Les ports de la Seine et
du littoral, tels que Caudebec,
Étretat, Fécamp et
Dieppe, avaient été visités par nos croiseurs, mais
aucun d'eux n'était protégé d'une façon efficace.
Cependant la basse Seine continuait d'être explorée
par notre flottille.
Le 29 janvier, la canonnière l'Oriflamme
(lieutenant de vaisseau Pic-Paris) remontait le
fleuve et arrivait vers huit heures du matin à la
hauteur de Guerbaville;
là, nos marins se virent en présence du détachement
ennemi chargé de la protection des torpilles.
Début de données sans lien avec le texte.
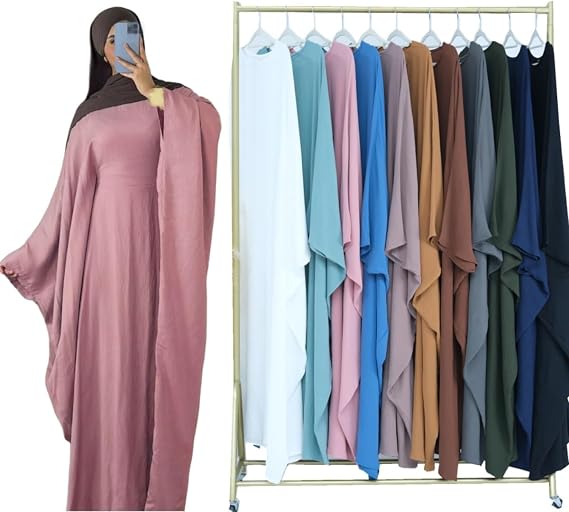Boedaty Muslim Dress for Women Waistband Bat Sleeves Dress Abaya Muslim Praying Niqab Burkas Long Dress Dubai Gathering Party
Une fusillade s'engagea aussitôt à
grande distance, et quelques obus que le
commandant Pic-Paris put lancer sans danger pour les
habitants, ne tardèrent pas à disperser les Allemands dans
toutes les directions.
Comme la poursuite n'était pas
possible, l'0riflamme redescendit la Seine, n'ayant
éprouvé que quelques dommages matériels, tels que
cordages coupés et autres légères avaries.
Dans
l'après-midi, au moment où notre canonnière
repassait à Caudebec,
trois dragons ayant fait mine de
la suivre, essuyèrent quelques coups de feu bien
dirigés qui les démontèrent tous les trois et mirent
fin à leur bravade.
Le lendemain, l'Oriflamme appareillait de
Quillebœuf, où elle avait passé la nuit, et remontait de
nouveau la Seine, suivie de la canonnière l'Alerte
(lieutenant de vaisseau Masson).
En approchant de Caudebec,
qui était occupé depuis le matin par le détachement
venu de Saint-Vaudrille, sous les ordres du capitaine
de Quitzow, nos canonnières furent accueillies par
une vive fusillade.
L'Alerte , dont le pont était découvert,
et qui d'ailleurs remontait dimcilement
le courant, dut rebrousser chemin.
Quant au commandant
Pic-Paris, une fois engagé, il continua sa route,
ripostant avec sa mousqueterie;
il ne pouvait se servir de ses canons,
car les Mecklembourgeois étaient
embusqués dans les maisons qui bordent le quai,
et tiraient par les fenêtres.
En raison de la petite
distance à laquelle notre canonnière défilait, les balles,
traversant les bastingages et les abris, mirent
quelques-uns de nos marins hors de combat.
Après
avoir remonté la Seine jusqu'au banc des Moules et
avoir essuyé quelques coups de feu de la rive gauche,
à la hauteur de Guerbaville,
le commandant Pic-Paris vira de bord,
redescendit le fleuve, reprit, en
passant à Caudebec,
l'engagement du matin et continua sa route sur le Havre.
Les Meklembourgeois,
bien abrités derrière les arbres ou dans les maisons,
n'eurent qu'un homme grièvement atteint dans ces
rencontres; quant à l'équipage de l'Oriflamme, il eut
un matelot tué et quatre blessés.
Dans ces divers engagements, nos braves marins
avaient montré le parti qu'on pouvait tirer d'eux.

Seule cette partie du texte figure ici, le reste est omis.